At some point I noticed that I was using Riffle
and Partition
together a lot. I would do things like
Partition[Riffle[{1,2,3},{4,5,6}],2]
or
Partition[Riffle[{1,2,3}, 6 , {2, -1, 2}], 2]
The question is: are better alternatives, in terms of memory and speed?
Answer
Here is a solution for both "idioms", using LibraryLink and some kind of custom generics.

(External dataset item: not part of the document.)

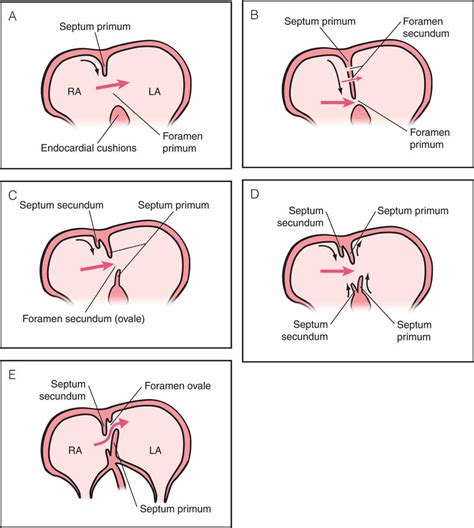 Diagram Of The Heart Septum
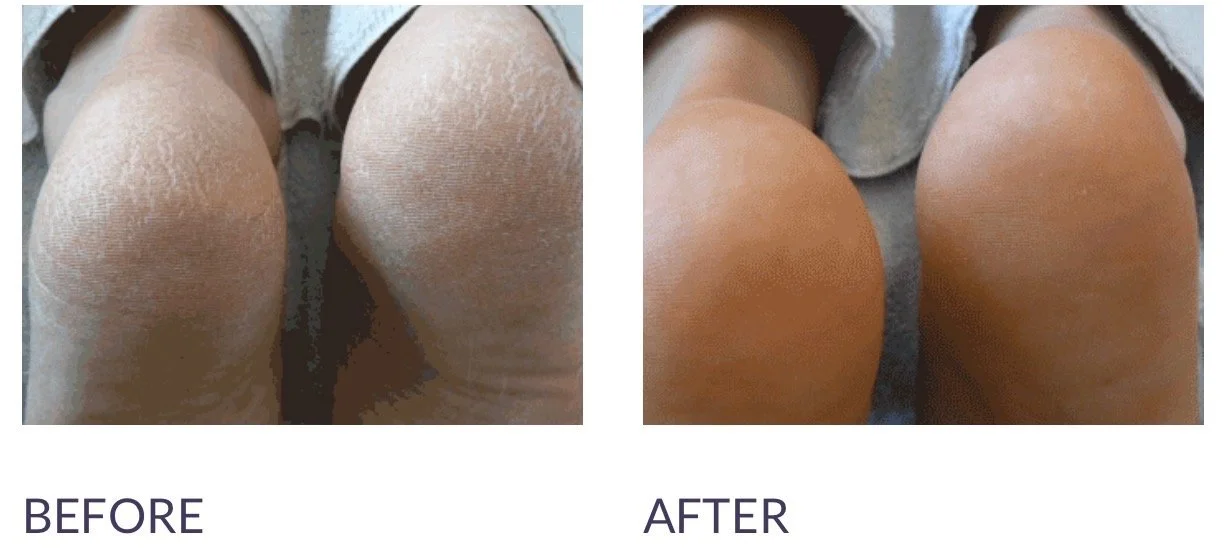 Comparison of the backs of two knees, showing dry, flaky skin in the 'before' image and smooth, moist skin in the 'after' image.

I'm not sure if I like the abstractions, but here is the answer anyway.
<< SymbolicC`
<< Developer`
<< CCompilerDriver`
<< CCodeGenerator`
The definitions below are made to help abstract this function, so that it works for integers, real numbers and complex numbers.
(*lfn is short for library function name*)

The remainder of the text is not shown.